The plaintiffs discern from South Dakota Mining, and from federal statutes governing mining, a general principle that state environmental regulations are preempted, categorically, whenever they are “prohibitory” rather than “regulatory” in their “fundamental character.” “Even prohibitions on the use of particular mining methods,” they say, “create an obstacle to the full accomplishment of Congressional purposes.” We disagree.

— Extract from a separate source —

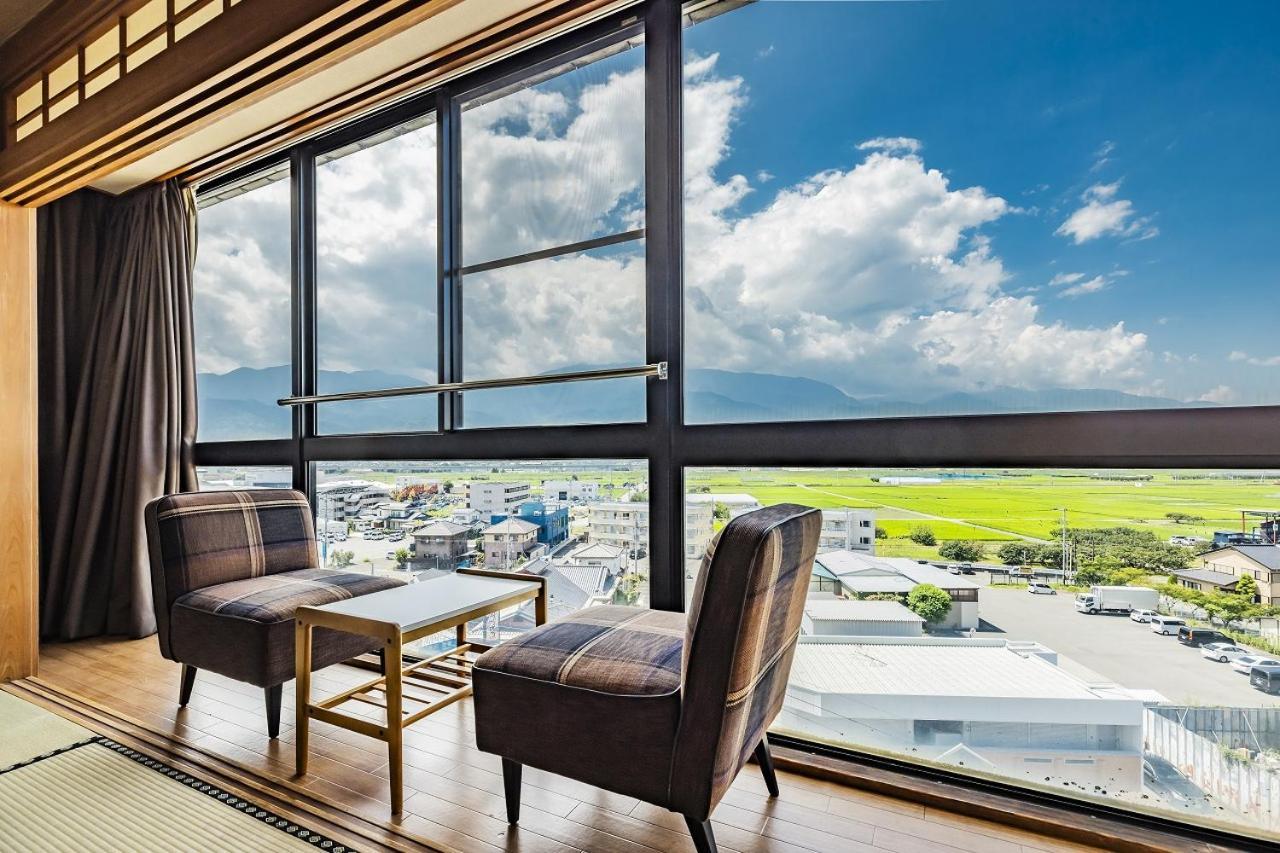 Asahi Century Hotel Minami Alps Bagian luar foto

Like the United States, “[w]e would agree that were a state to completely prohibit all mining activity on federal lands, federal mining law would preempt the ban.” Brief of the United States as Amicus Curiae 21. We cannot agree with the plaintiffs, however, that conflict preemption in this area turns on whether a state environmental regulation could be viewed as “prohibitory” or “regulatory” in its “fundamental character.” For one thing, as the government explains, the distinction likely would be unworkable:
It is unclear how this Court would determine whether [Senate Bill 3] is “prohibitory . . . in its fundamental character.” South Dakota Mining, 155 F.3d at 1005. Certainly it prohibits some very specific types of mining activity in very specific places . . . , but in the process of identifying where its prohibitions apply it seems “regulatory” in nature. In a sense, [Senate Bill 3] is both regulatory and prohibitory, but whether that makes it preempted is a question to be answered by long-established preemption law. Regardless of whether a state regulatory prohibition is considered “prohibitory” or “regulatory,” it is permissible so long as it does not pose an obstacle to Congressional purposes or make compliance with federal law physically impossible.
Notes
[N]othing in this subchapter . . . shall be construed as affecting or intended to affect or in any way interfere with or modify the laws of the States which lie wholly or in part westward of the ninety-eighth meridian relating to the ownership, control, appropriation, use, and distribution of ground or surface waters within any unpatented mining claim.